- Nov 6, 2016
- 681 (0.42/day)
- NH, USA
|Processor||Ryzen 7 2700X|
|Motherboard||Asus ROG Strix X470-F Gaming|
|Cooling||Enermax Liqmax Iii 360mm AIO|
|Memory||G.Skill Trident Z RGB 32GB (8GBx4) 3200Mhz CL 14|
|Video Card(s)||Sapphire RX 5700XT Nitro+|
|Storage||Hp EX950 2TB NVMe M.2, HP EX950 1TB NVMe M.2, Samsung 860 EVO 2TB|
|Display(s)||LG 34BK95U-W 34" 5120 x 2160|
|Case||Lian Li PC-O11 Dynamic (White)|
|Power Supply||BeQuiet Straight Power 11 850w Gold Rated PSU|
|Mouse||Glorious Model O (Matte White)|
|Keyboard||Royal Kludge RK71|
Actually, high frequencies have made there way back into the server market due to expensive per core licensing for softwareThe server market is the obvious hit for Intel's 10nm technology.
It seems like Intel's main problem with 10nm is the low clock rates, which leads to worse performance compared to their 14nm+++++++++++ process clocked at well over 5GHz (boost). Servers don't want to boost so high. Low and slow benefits servers, as these computers are designed for maximum compute in a given datacenter (Datacenters are limited by two things: either power, or cooling... and cooling is itself limited by power).
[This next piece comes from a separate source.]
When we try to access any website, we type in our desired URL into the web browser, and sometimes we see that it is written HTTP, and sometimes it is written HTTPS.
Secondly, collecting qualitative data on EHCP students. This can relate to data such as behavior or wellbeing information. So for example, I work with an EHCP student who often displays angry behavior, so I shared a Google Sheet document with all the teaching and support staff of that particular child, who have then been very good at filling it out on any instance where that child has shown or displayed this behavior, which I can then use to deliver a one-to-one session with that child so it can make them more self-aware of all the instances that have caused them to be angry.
The cache game is very interesting now. AMD offers more L3 cache than anyone else, but I've discussed the downsides of AMD's "split L3 cache" before. In short: AMD's L3 cache is only useful to a "CCX" (for Zen3: a cluster of 8 processors / 16 threads max), while L3 cache from traditional processors (Various ARM chips or Intel) are unified. Consider if 1MB from address 0x80008000 were being read-shared on a 64-core AMD chip with its 8x "split cache", there would be 8-copies of that one address (!!!), leading to 8MBs of read-data across AMD's 8x split cache (of size 256MBs): 3% of its cache. In contrast, Intel would only have 1MB in its unified 60MB L3 cache, or 1.6% of Intel's cache.
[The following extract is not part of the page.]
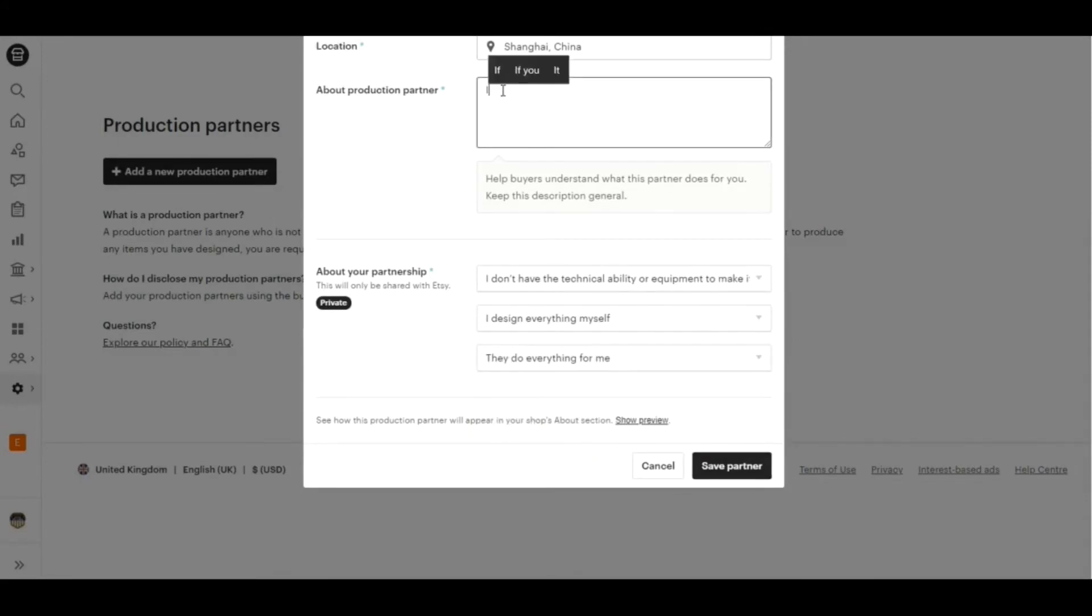Just explain briefly about the role of your production partner in creating the final product.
As such, large singular datasets (like Databases) will likely perform better on Intel's "smaller" 60MB L3 cache, despite AMD having 256MBs of L3 cache available. On the other hand, any workload with "split data", such as a 8-core / 16thread cloud-servers, will benefit grossly from AMD's architecture. So Azure / AWS / Google Compute are likely leaning towards AMD, while database engineers at Oracle / IBM are thinking Intel still. Or from a LAMP stack perspective: your PHP / Apache processes are most efficient on AMD, but your MySQL processes might be more efficient on Intel.
In the past, I've talked about how AMD's L3 cache has latency penalties. Lets consider that 1MB region again. If one core were to change the data, it'd have to send a MESI message to Exclusive control of the data it wishes to change. The 63 other processors then need to communicate that their L1 and L2 caches remain unchanged (Total Store Ordering: all writes must be written in order on x86 architecture). Then the core changes the data, and broadcasts the new data to all 63 other processors.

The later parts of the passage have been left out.